Part 2 of the inquiry deals with freedom. After some general remarks are made in chapter 7, the import of freedom is indicated in chapter 8. This makes it clear why granting citizens as much freedom as possible is beneficial for both the liberal democratic state as a whole and for citizens themselves. However, as the phrase ‘as much as possible’ indicates, it is important to define the limits (if any) of freedom carefully. Since part 1 of the inquiry emphasizes the importance of (basic) equality, it would seem appealing to connect it with freedom. The merits and difficulties of such a position – Dworkin’s ideas are examined here are expounded in chapter 9. An alternative for it is offered in chapters 10 and 11, where a demarcation line to limit freedom is defended. Mill’s harm principle provides a useful frame of reference here; the ignore principle, as it is called, seeks to find the optimal outcome in balancing the various interests that are involved.
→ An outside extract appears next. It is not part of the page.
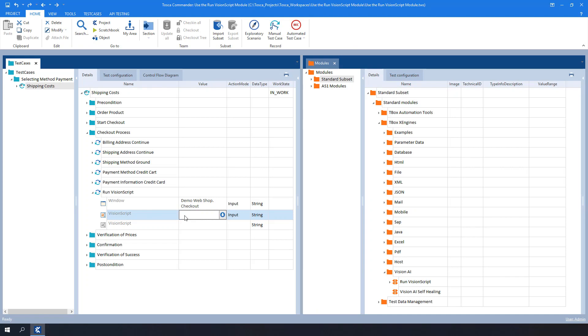For the Vision Script test step value, we need to enter the Vision Script commands. In our example, we will enter, click the Continue button.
The foregoing prompts the question of whether the liberal democratic state can adopt a neutral stance, and how it should respond to those who deny certain principles of a liberal democratic state, notably those defended in part 1 of this study. In other words: what should the state’s position be towards those who deny that people are equal, e.g. on the basis of racial differences? This is the central issue that is examined in chapters 12 to 15. I argue that it is not the task of a liberal democratic state to decide what people should think, but that, in line with what is maintained in chapters 10 and 11, only equal treatment should be guaranteed, meaning that the outward acts of citizens may legitimately be regulated but nothing else. In this light, Rawls’s and Habermas’s positions are examined critically.

Finally, some attention is devoted to the subject matter of militant democracy. The question is pertinent whether the liberal democratic state might be undermined by its own principles. After all, a majority is able to radically change this form of government to one that is ultimately incompatible with those very principles. I try to approach this issue as consistently as the others that present themselves throughout this inquiry.